А вот Танич, он был совсем другим. Он по природе своей сам был артистом, хотел быть на виду – у Шаферана этого вообще не было. Зато Игорь любил во всём досконально разобраться, любил детали. Наверное, от этого шла и его любовь ко всяким фирменным вещицам – ручкам, электробритвам, часам. Недавно я покупал зятю в подарок ручку «Монблан» – так сразу вспомнил Игоря. Любовь к деталям – она ведь у него и на песню переносилась.
В начале нашего знакомства он сказал мне очень важную вещь, которую я всё время вспоминаю. Сидели мы как-то у него дома на Зубовской площади, пили чай, и Игорь говорит: «Слушай, ты можешь написать классную музыку, я – хороший текст. Мы возьмем самого популярного исполнителя, и он споёт нашу песню. И из этого ничего не выйдет». – «Какой вывод?» - «А такой, что должно еще повезти. Песня – такая штука, которая требует везения».
Жизнь показала, что он был на сто процентов прав! Помимо профессиональных моментов, песне ещё нужна счастливая судьба. Песня должна появиться вовремя, в тот момент, когда её ждёт общество. Кстати, подтверждение этих слов Шаферана я гораздо позже услышал в Лос-Анджелесе, когда мне повезло работать с иностранными авторами топ-класса и многое от них узнать...
Шаферан всё время вспоминал поэта Михаила Светлова, у которого учился в Литературном институте. Он относился к нему с огромным пиететом. Небольшая фотография Светлова висела у Игоря на стене. И эта связка «ученик-учитель», как мне кажется, помогала Игорю – он проверял свои стихи светловским прищуренным глазом, как бы сверяя их с его вкусом.
К Высоцкому Игорь относился положительно, понимал, из каких составляющих складывается магия его личности. Но без ума от его поэзии не был – наверное, потому что смотрел на нее иначе, чем большинство людей, мог видеть только ему заметные шероховатости. Но и находки в поэзии Высоцкого отмечал, очень за него радовался. Может быть, этот строгий «светловский» взгляд мешал Шаферану воспринимать чужую поэзию «в целом» - ведь он постоянно оценивал уровень стиха, уровень рифм, образов, метафор.

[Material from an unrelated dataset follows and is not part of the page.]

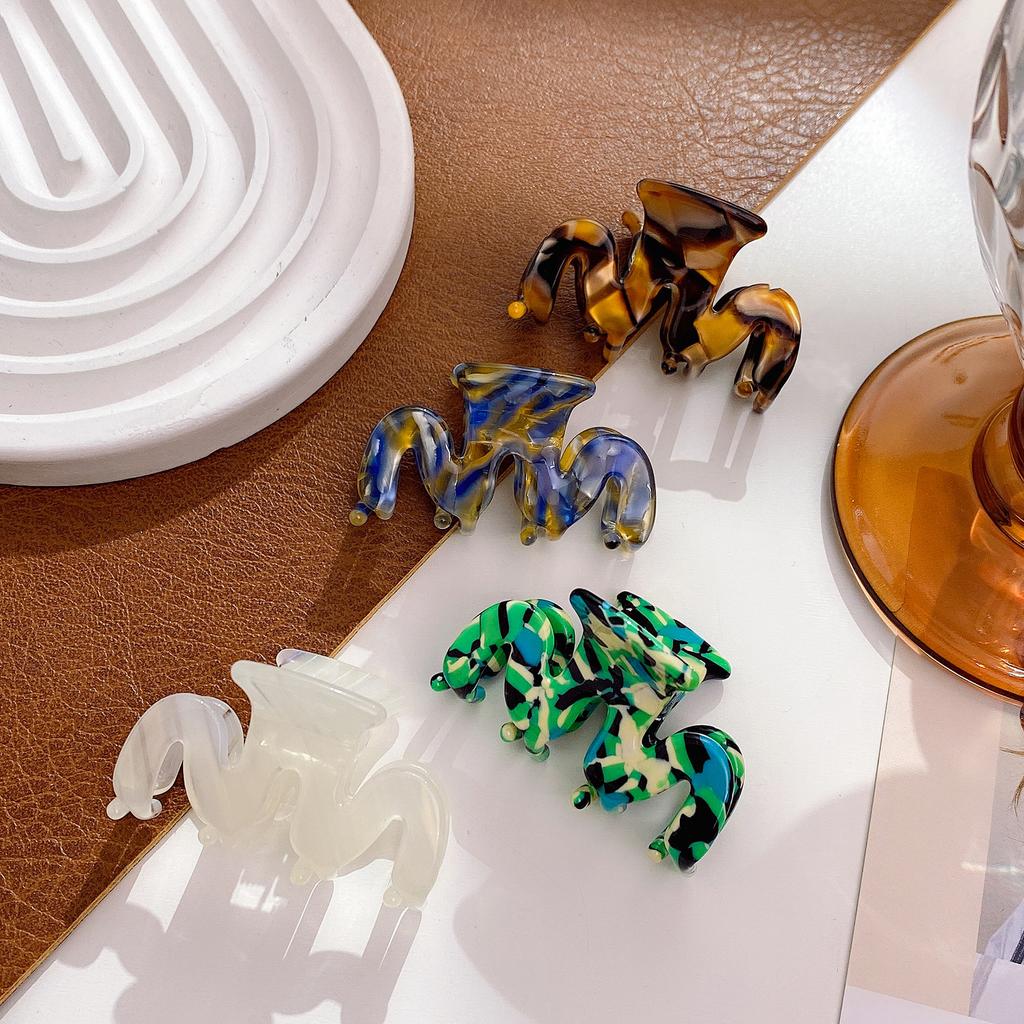 No Fashionable Slip Hair Clips For Women Featuring Colorful Acetate Designs For Every Occasion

Сколько мы с ним беседовали про те или иные детали в песне, про рифмы, про слова! Мир вокруг начал меняться – и песенное «колесо» стало прокручиваться вместе с ним. В песнях стал появляться новый словарь, новые интонации. Авторы старшего поколения воспринимали это с трудом, и Шаферан не был исключением. Мы с ним много об этом спорили: так, он слышал какую-то новую песню и начинал объяснять, что это поэтически слабо. И добавлял: «Напиши это на листке – сразу будет видно!» Не помню, о чём шла речь, но это был хит «нового типа». Я пытался оппонировать: «Игорь Давыдович, но люди-то воспринимают это не с листка, им наплевать на глагольные рифмы, на избитые «ночь – прочь» и так далее!». Мы с ним по этому поводу много дискутировали, но он со своих позиций не отступал. Я говорил ему: «Мир меняется!». А он мне: «Хер с ним! Пускай меняется, Володя! Но песня должна быть сделана чисто».

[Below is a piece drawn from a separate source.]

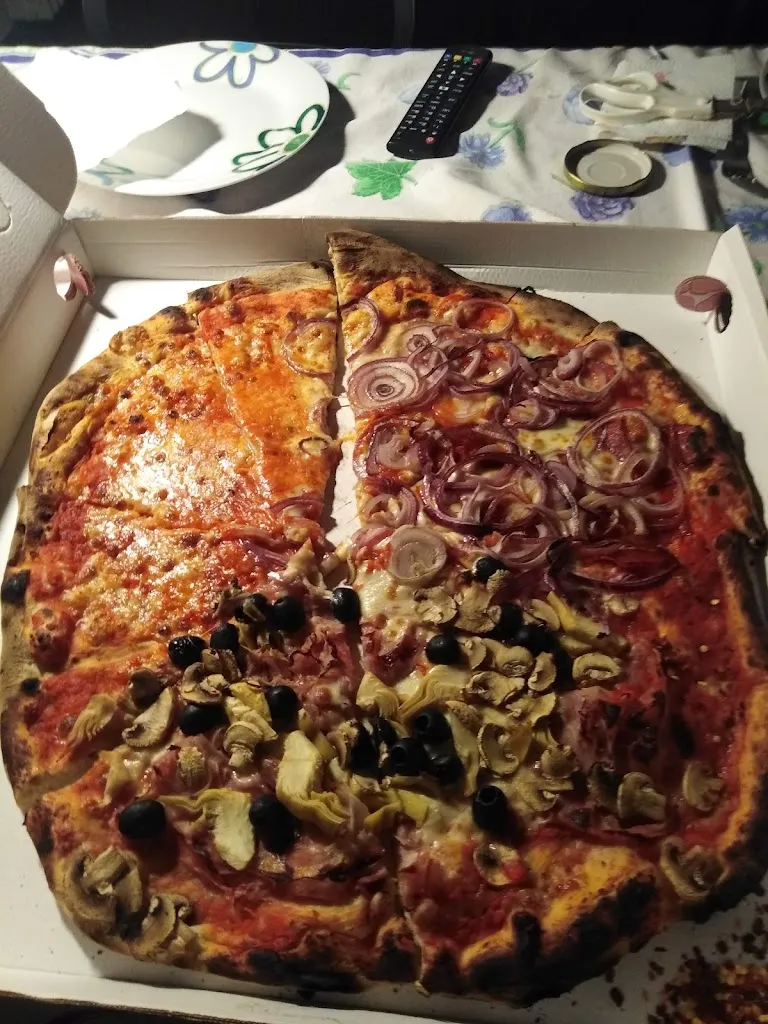 Menu_Pizzeria Fuori Strada_Castano Primo_image_3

Не понимаю, что в его, лирического поэта, случае может означать словосочетание «признан властью». Насколько я знаю, он не был орденоносцем, не гонялся за званиями, наградами. Он не пёр, как пёрли люди вокруг - он не хотел этого делать. Да и «лобовых» патриотических песен не писал. Та же песня «Мальчишки» на музыку Аркадия Островского - она не кондовая, она душевная. И ценились такие песни гораздо выше, и толковые люди наверху понимали значимость того, что сделано от души и апеллирует к душе. Это сложнее, чем написать гимн насосного завода имени Калинина. Шаферан мог легко сделать любой заказ, но не делал! А другие делали, зарабатывая на этом неплохие деньги. Сегодня на такие вещи уже вообще никто внимания не обращает – этическая составляющая отсутствует в людях напрочь…
Я часто думаю о том, что он ушел из жизни, не увидев многое из того, что его бы сильно удивило. Как жаль - мог бы жить и жить...

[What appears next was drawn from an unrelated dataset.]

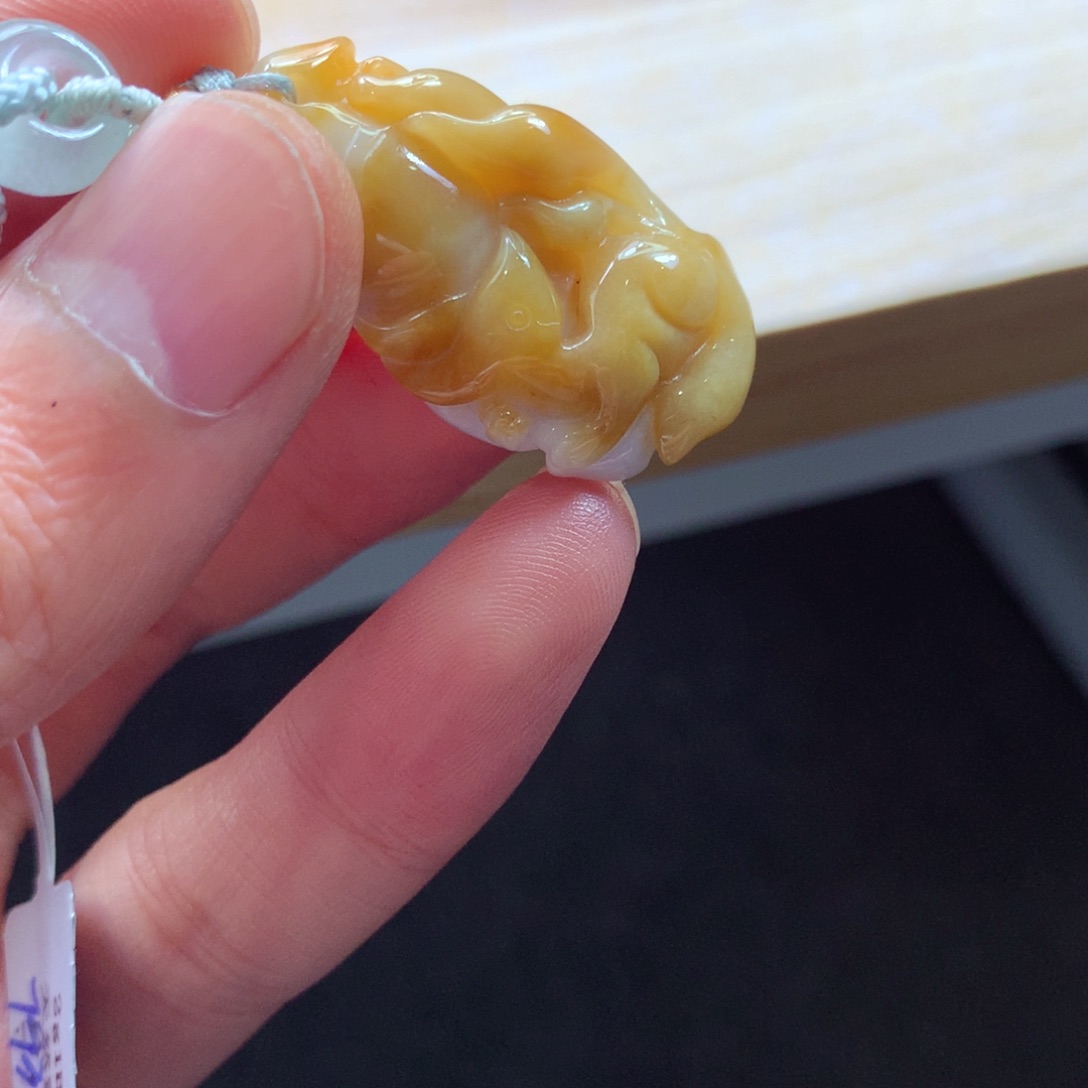 翡翠颈饰未镶嵌吊坠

Почему Игорь как поэт не смог перейти в новое, постсоветское время? Это очень сложный вопрос. Думаю, сработало всё вместе. Ведь процессы в популярной музыке - причем не только у нас, но и во всем мире, - происходят примерно по одинаковым схемам. Просто настало время тогда его вокабуляр, его подход к песне, стал менее трендовым. Он перестал апеллировать к молодежи. А ведь двигатель, который выводит песню «на орбиту», это всегда молодняк. Будь то «Битлз», которые начинали, выступая перед 15-летними девчонками, или кто угодно ещё. Об этом же говорит в автобиографии “Life” Кит Ричардс: вот, «Роллинги» играли блюз, в зале было всего несколько бородатых интеллектуалов, курящих трубки с умным видом. И вдруг, раз – и девчонки стали визжать. И сразу пять тысяч в зале. Песня, которая нужна здесь и сейчас, уже делалась из другого теста. И Гарик – именно так звали Игоря Давыдовича домашние, - был далеко не одинок в том, что перестал угадывать. Время проходит, это обычное явление.
Потом он заболел. Напрямую ничего не говорил, только отмахивался, - но было понятно, что всё серьезно. Как-то раз сказал: «У меня тут ерунда одна, опухоль подмышкой, сейчас прооперируют». Это помню очень четко. У Виты, его жены, не спрашивал детали – это было не принято. Как рано он ушел из жизни! Просто ужасно...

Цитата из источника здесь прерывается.